Although I agree with most of you that JJ is the real deal and will likely be a Blazer for at least another couple years, I dissagree that this is proof that Quick is a knob. This is what I like to see from Quick and other like him. Speculate about interesting twists and trades and lineups and stuff like that, not just dissing on the crew. 

I wish he would just offer his opinion more often instead of always trying prove something. I think that the idea of trading JJ has some merit, and is fun to discuss, it just falls short on one main thing. Roy is not a PG. Sure, he can play the position very well, but he has played much better as a SG then as a PG. His D is great against other SG's and SF.s, bbut against smaller/quicker PG's he gets burned. Keep Roy playing mostly the SG roll.


----------



## mgb (Jun 26, 2004)

We should just cut Jack and sign JR Rider!


----------



## Utherhimo (Feb 20, 2005)

jj and sergio plus roy is better than:

roy and sergio


----------



## mediocre man (Feb 24, 2004)

Quick was probably offering up his opinion is all. While Roy is a good ball handler, and can easily play the point the team would be stupid to trade Jack. Since living in Houston I watch NBA league pass and the announcers for the opposing teams along with coaches think he is one of the great young PG's in the league. IF, and that's a big IF the Blazers traded him they would undoubtably get an extremely good player back.


----------



## hasoos (Jan 3, 2003)

I believe that Jack has been part of the steadying force on this team that is helping turn things around, not a guard we want to get rid of.


----------



## crandc (Sep 15, 2004)

Quick = Vecsey

Sure, JJ "could" be traded "if" someone offered a superstar. So oculd anyone else on the team. But what are the odds that someone is offering LeBron James, Dwyane Wade, Greg Oden (assuming he enters the draft) or even Tim Duncan. About zero?


----------



## HOWIE (Dec 30, 2002)

Let us not forget that this is the last year that Jason Quick will be following the team. Not sure what he is going to be doing after this season at the Oregonian, maybe he is going to be delivering papers?

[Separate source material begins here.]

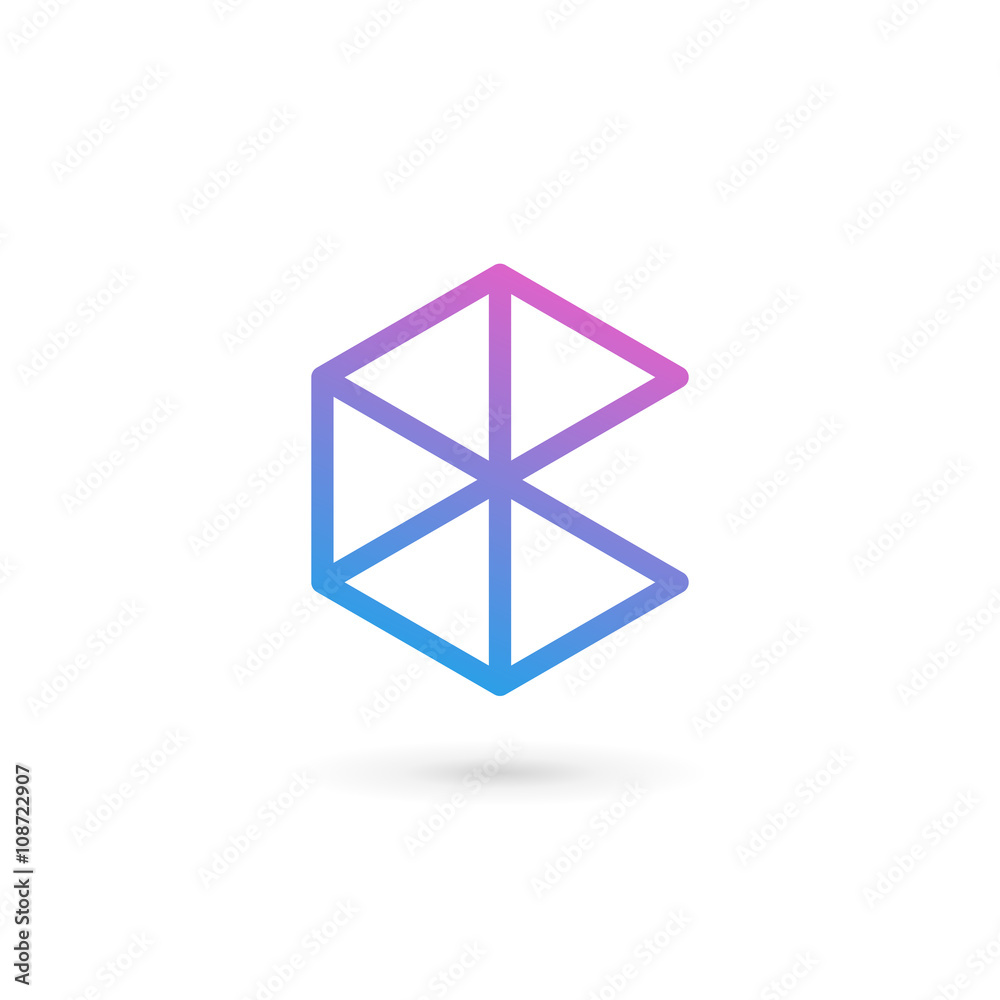 Letter C logo icon design template elements Letter C logo icon design template elements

He has to throw as much stuff against the wall to see if any of it sticks. I think that there is so much positive going on with the Blazers Quick is really at a lost for words so he is going to make some waves of his own? :lol:


----------



## Blazer Maven (Sep 27, 2005)

First off, Roy is not a point guard. He is a SG who can slash and create. Roy can play the point in a pinch, but is more of a Pippen-type who can initiate the offense or play off the ball.

He could play the Point in a triangle offense as Ron Harper did, but his lack of speed would be exposed as a full time point.

Jack is a fine point, on a par with Andre Miller and Deron Williams. There is no need to put Roy and Jack at odds with each other.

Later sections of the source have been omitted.